The UMAMI Museum Field Trip

by Cecilia Kennedy



A swarm of children from the St. Lawrence Catholic Elementary School—all dressed in blue and white plaid uniforms—descended upon the University Museum of Art, Muses, and Inspiration (UMAMI) in the center of town one afternoon.  They were on their best behavior, having previously been banned from field trips.  (Henry and Justin, as the story went, had startled the monkeys at the zoo by throwing “snap-its” fireworks into their cages.  The teachers and parents in charge of the trip thought that someone was shooting a gun in the area, so they made the children run for cover.  However, security cameras in the vicinity caught the two St. Lawrence boys throwing the fireworks.  Shortly thereafter, the second-grade class was banned from the zoo for life, and the school administration decided that the children shouldn’t be treated to anymore “experiential learning opportunities.”  However, the school administrators also realized that they couldn’t keep them from cultural experiences.  It just didn’t seem right.  A zoo was one thing; art was another.)

            At the same time that the children entered the museum, the Senior Citizens’ Home was treating residents to a trip to this very same museum.  The occupants of that bus filed out in orderly fashion, and promptly expressed their disappointment that they’d have to share their outing with a group of school children who, at the moment, were not misbehaving, but who could turn on them at any moment.  They just knew it.
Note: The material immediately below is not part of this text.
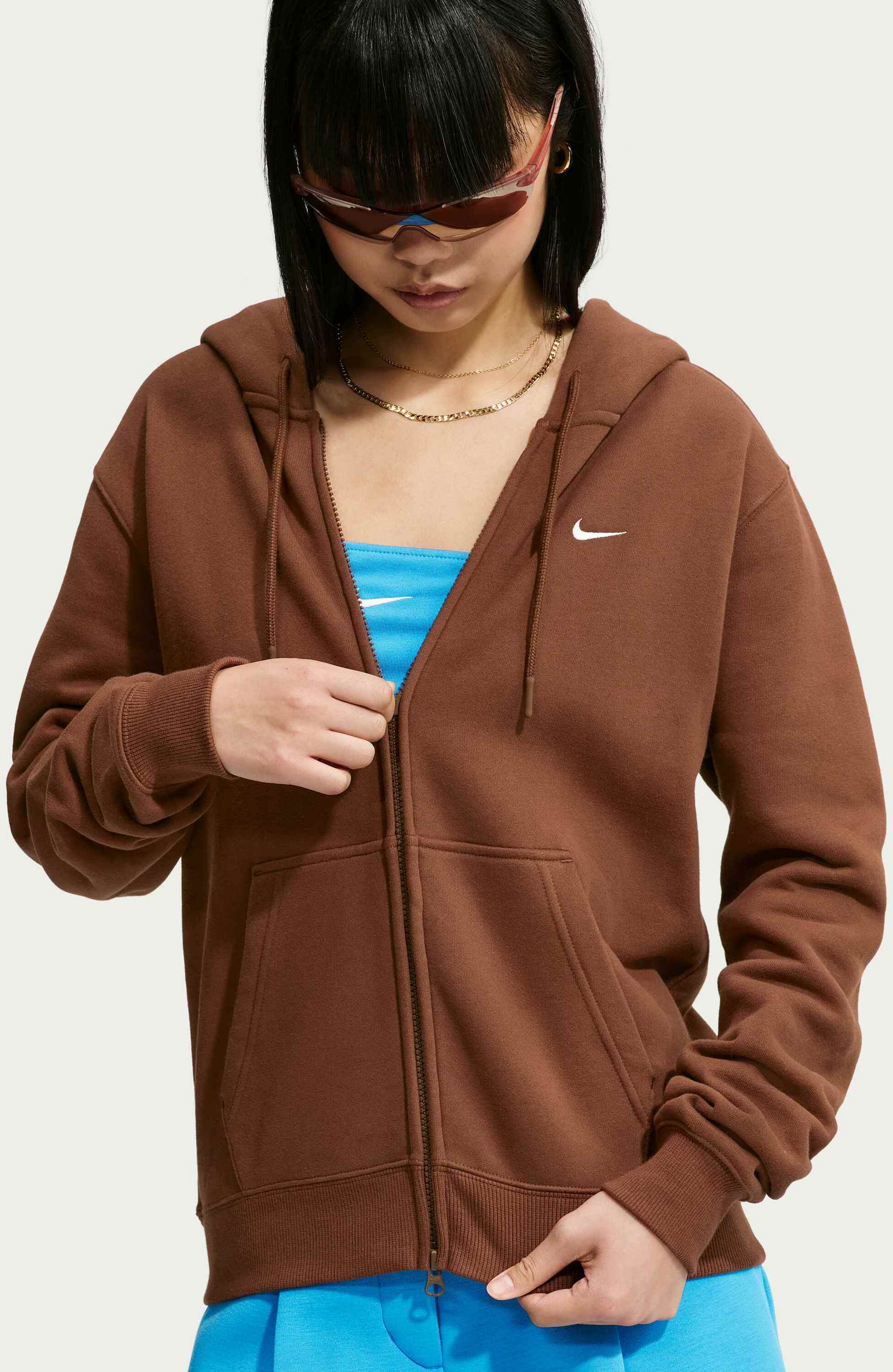 NIKE, Women's Full-zip Hoodie Studio Fleece Medium Weight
            The featured exhibit at the museum was called “More than ‘Eats’ the Eye”—a clever nod to a particularly talented food photographer/artist who happened to be presenting a lecture on his work.  He was especially eager to speak to impressionable children.  How precious! How delightful!  He would certainly rock their world.

            Meanwhile, the principal of St. Lawrence Catholic School, who was called in as extra back up if things turned ugly, directed her gaze upon the children.  Many were smart, but many of them came from what she considered “broken homes.”  No wonder they acted out, the poor dears.  And, the ones who didn’t have strong reading scores, could probably excel at something. Some were showing great promise in art.  They could grow up to be artists, perhaps . . .

            The children began to form a circle in the central gallery. The artist—Reginald Piper—stood off center at a distance to gauge their reactions.  They stared blankly up at the walls of photographs, which included a shiny stream of milk pouring out onto cereal flakes in a bowl, colorful ice cream scoops perfectly stacked upon one another inside a waffle cone, shiny red apples in a basket, enchiladas dripping with cheese and sauce, and fluffy pancakes covered in syrup. 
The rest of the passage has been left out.